Anyways, quarterly check-ins take various shapes. I take tons of pictures and it has nothing to do with vanity, it’s because I need to see the changes – you know, pics or it didn’t happen. In the beginning of this journey, when I was all about the weight loss, I would go through pictures and practice loving that person who was sick and I’d practice being grateful that I somehow managed to pull myself up and take actions. I wouldn’t scrutinize the lumps and bumps, I’d look at the whole and focus on the progress. Eventually my focus shifted to wanting to be a healthier and more interesting person so I still pay attention to weight loss only insomuch as I believe that if I’m treating my body with respect the weight will continue to drop – it’s a marker for my health.
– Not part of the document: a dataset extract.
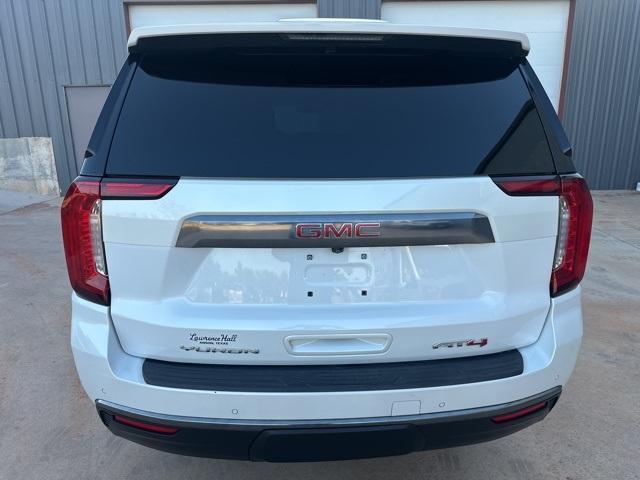 used 2024 GMC Yukon car, priced at $66,900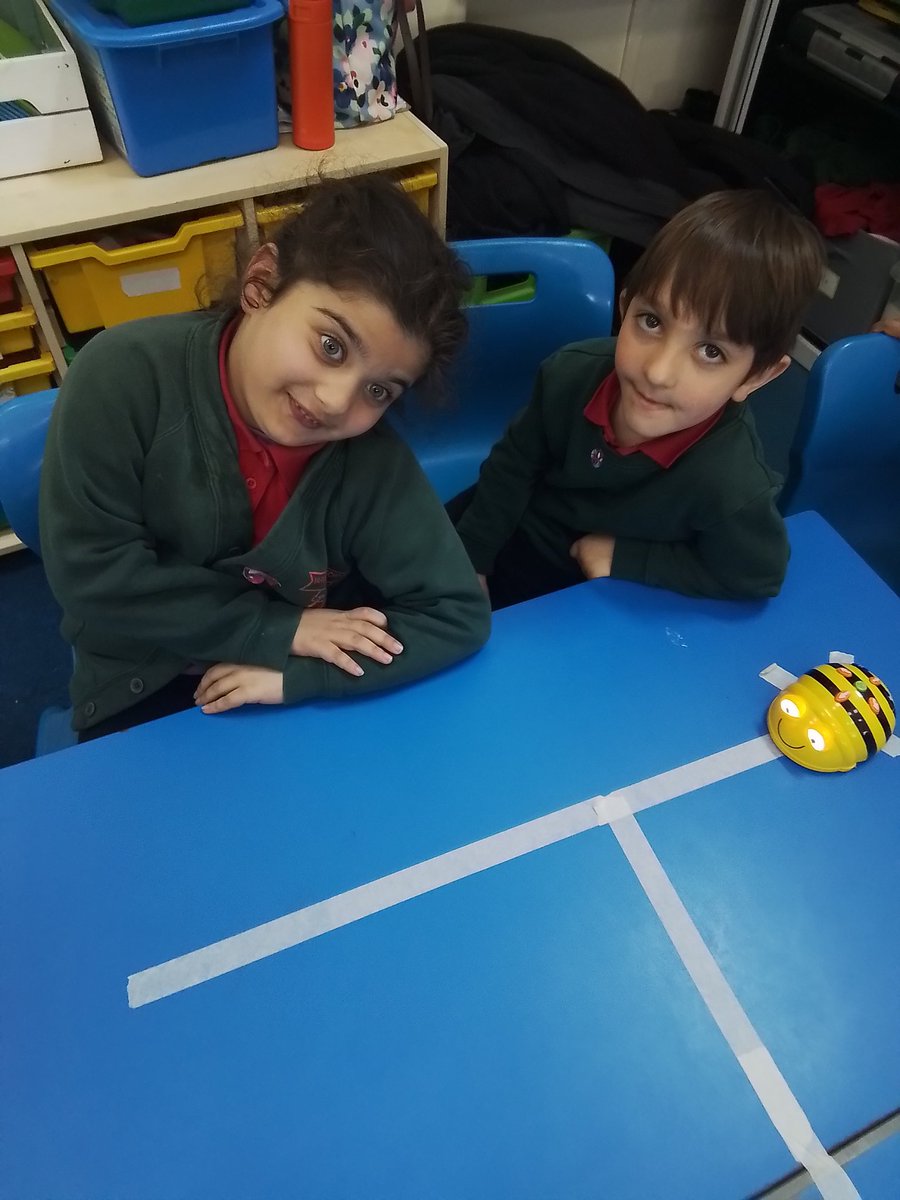 Class 1S tweet media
I want to pause here for a second and say that I am in no way saying that being overweight is a sign of unhealthiness. Everybody is different and I 100% believe that it’s possible to be healthy at every size. What I know for my body is that when I treat my body with respect I lose weight and when I don’t, I gain weight. So, for me, body weight is one of many check points that I look at when I’m reviewing my goals and actions.How often do you take stock of where you are and where you're going? Click To Tweet
OK, back to what I was saying, I still look at weight loss as an indicator of whether I’m appropriately loving myself but I also consider my actions and how they make me feel. Do I enjoy making my own personal care products or do I find it cumbersome? Am I enjoying contributing to The Book Wheel (the answer is a resounding yes!)? Most recently I’ve checked in with myself about exercise. Am I doing the right exercises that are making me stronger and happier? How about my relationships? Am I giving my all and receiving what I need in return? If I’m going to live my best life then it’s not just about me, I need to be also giving my best self to the people who matter and especially my poor husband who loved me at my worst and now deserves to get me at my best.
These are just some of the things I consider. I’ve also been thinking a ton about what I want moving forward. You may recall that my last next one thing was to start a loving exercise practice and I’m proud to say that I’m doing it! I took an aerial yoga class in January and even managed to flip upside down… on purpose! Since then I’ve tried various types of yoga and I’m also in the middle of a Pilates fundamentals course. Probably unsurprisingly, I’m most drawn to the exercises with a strong mind/body component so I’ve also enjoyed spinning, which I find very meditative albeit torture on my butt, and walking or hiking with my poor husband which is a great time for us to talk and enjoy each other’s company. Through these activities I also get the chance to meet and learn from the most interesting people! I’ve learned about acroyoga which I definitely think I’d like to try one day. I’ve learned about voluntary simplicity, the zero waste movement, and I met some nomads who sold everything that didn’t fit in their backpacks and are now traveling the world and living life. That’s not to say any of this is for me, but maybe it is! That’s the beauty of this; it’s all about the ride.
So I guess I’ll close by saying that my first quarter look-back makes me happy and proud. I continue to live and cultivate my best life and I am full of nothing but excitement for what the future holds. For now, I’m planning to up my yoga routine and hopefully I’ll find a yoga studio that can be my home, instead of hopping from studio to studio. I’m also planning to continue going with my gut in all situations because my gut hasn’t steered me wrong yet.